Che poi vorrebbe dire in pratica la stessa cosa: leggere, leggere e leggere. I grandi autori e/o gli autori giusti, quelli che fanno tendenza. E poi semmai provare a scrivere.
Resta il fatto che scrivere è bello. Indiscutibilmente. Un passatempo economico, formativo e rigenerante. Se poi capita anche di poter discutere con qualcuno che non sia un vostro consanguineo delle righe scritte sembrerà di toccare il cielo con un dito. Di non essere proprio vissuti del tutto invano. Ma questo non significa essere scrittori, significa soltanto scrivere, un’attività antica e affascinante.
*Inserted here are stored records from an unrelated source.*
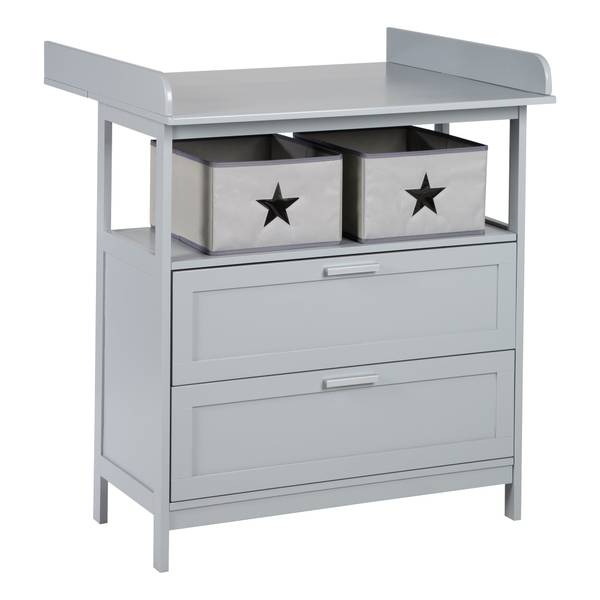 Babyzimmer Set Hamburg 2-teilig Grau - Polyester PVC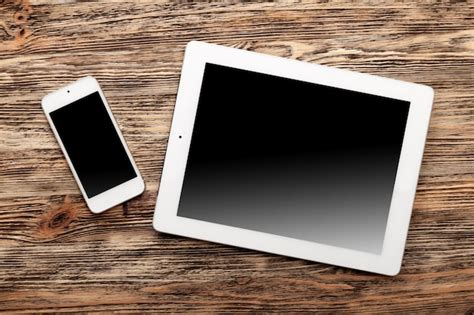 premium photo laptop wood phone reader table display pad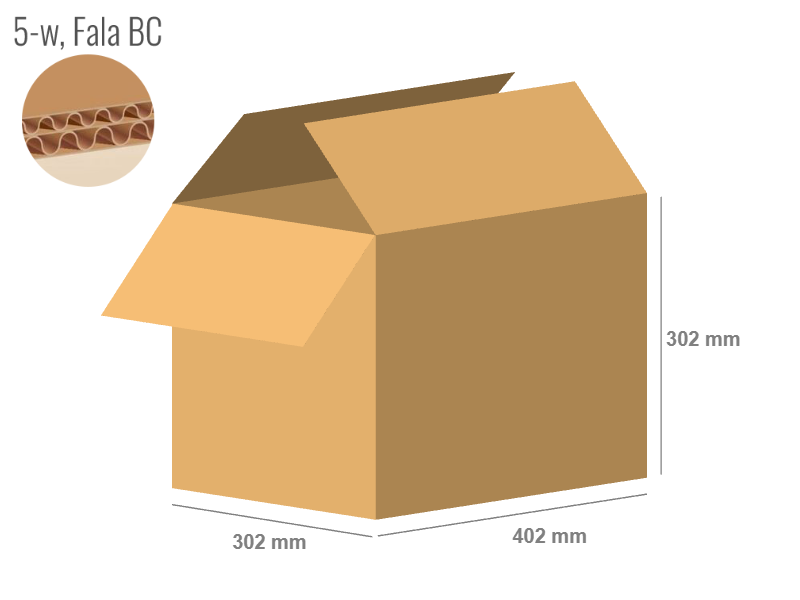 Cardboard box 402x302x302 - with Flaps (Fefco 201) - Double Wall (5-layer)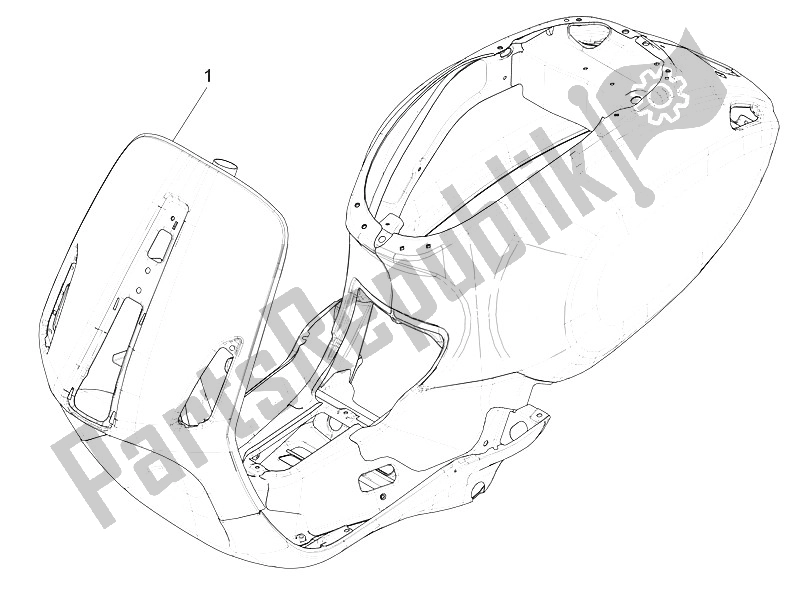 All parts for the Frame/bodywork of the Vespa Vespa 125 4T 3V I GET IE Primavera Asia 2016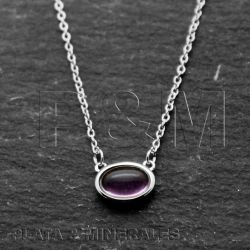 Colgante Plata Mujer COM0009RHAM Óvalo Piedra Mineral Rubí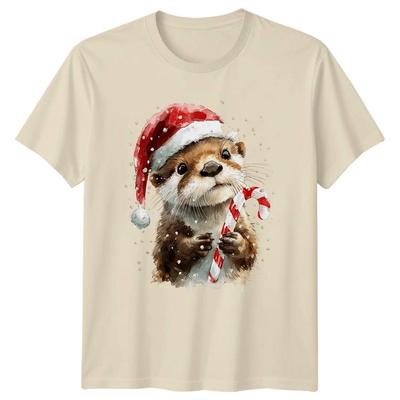 Otter Christmas Tee; Holiday Graphic Shirt; Animal Lovers Gift Unisex Unisex T-Shirt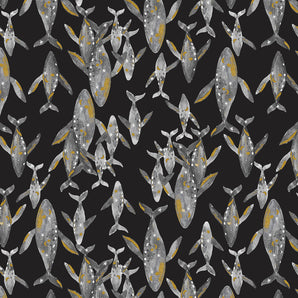 Cosmic Sea - Golden Whale - Nightfall Fabric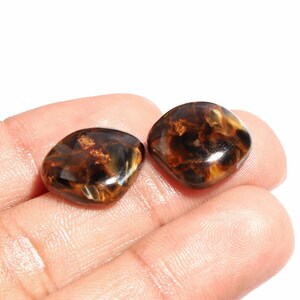 Pietersite Cabochon Gemstone,Top 2Pcs Chatoyant Designer Matching Pair,AAA+++100%Natural Uneven Shape,Size16x15x5MM,Ear Ring Stone,17.00Cts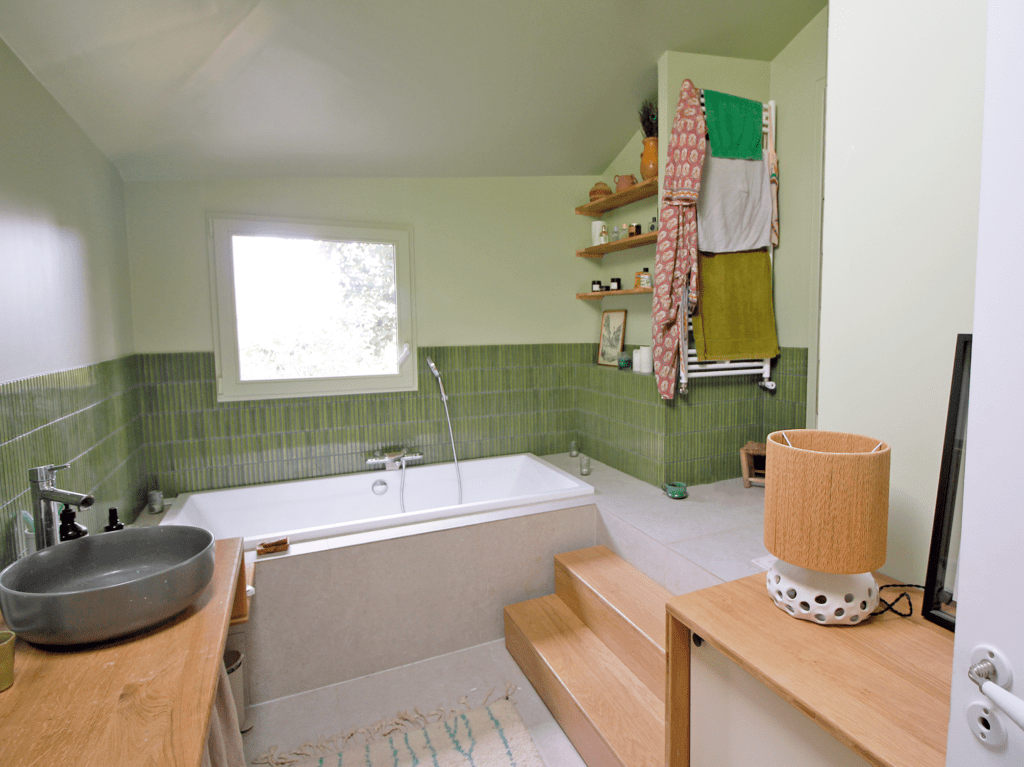 salle de bain verte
La più vicina possibile alla creazione.
Che questo debba necessariamente dare luogo a fama e successo non è per nulla detto, come non è detto che debba diventare lo scopo di una vita. Esistono strumenti tecnologici, semplici e relativamente economici, in grado di creare libri in piccola tiratura. Esiste, da qualche anno in qua, il web. E non è necessario mettersi in coda davanti a qualche santuario della creazione presidiato da sacerdoti più o meno titolati per discutere di lettura e di scrittura. La pubblicazione, un po’ come il matrimonio, non può essere l’unico obiettivo dell’amore. Meno che mai del sesso…
Silvia Pertempi
Romanzi per il macero
Donzelli, 2004
pp. XX-194, € 12,00
Gordiano Lupi
Quasi quasi faccio anch’io un corso di scrittura
Stampa Alternativa, 2004
Nota:
Ho vergognosamente sfruttato il lavoro di Gordiano Lupi e di Silvia Pertempi per sostenere uno sproloquio nato dalla mia profondissima intolleranza per buona parte della produzione narrativa contemporanea in lingua italiana, per la sua trasgressione ultraprovinciale e la sua ecologia melmosa e invivibile. Me ne scuso e aggiungo che il lavoro di Silvia Pertempi è in realtà uno studio acuto e interessante su un campione di 114 manoscritti di narrativa giunti all’editore Donzelli (editore esclusivamente di saggistica) nell’arco di un paio d’anni. Il testo di Lupi, viceversa, non ha nulla di scientifico ma è una raccolta di esperienze e considerazioni nate dalla sua esperienza. Scritte senza misura e senza cautela, quindi ancor più preziose.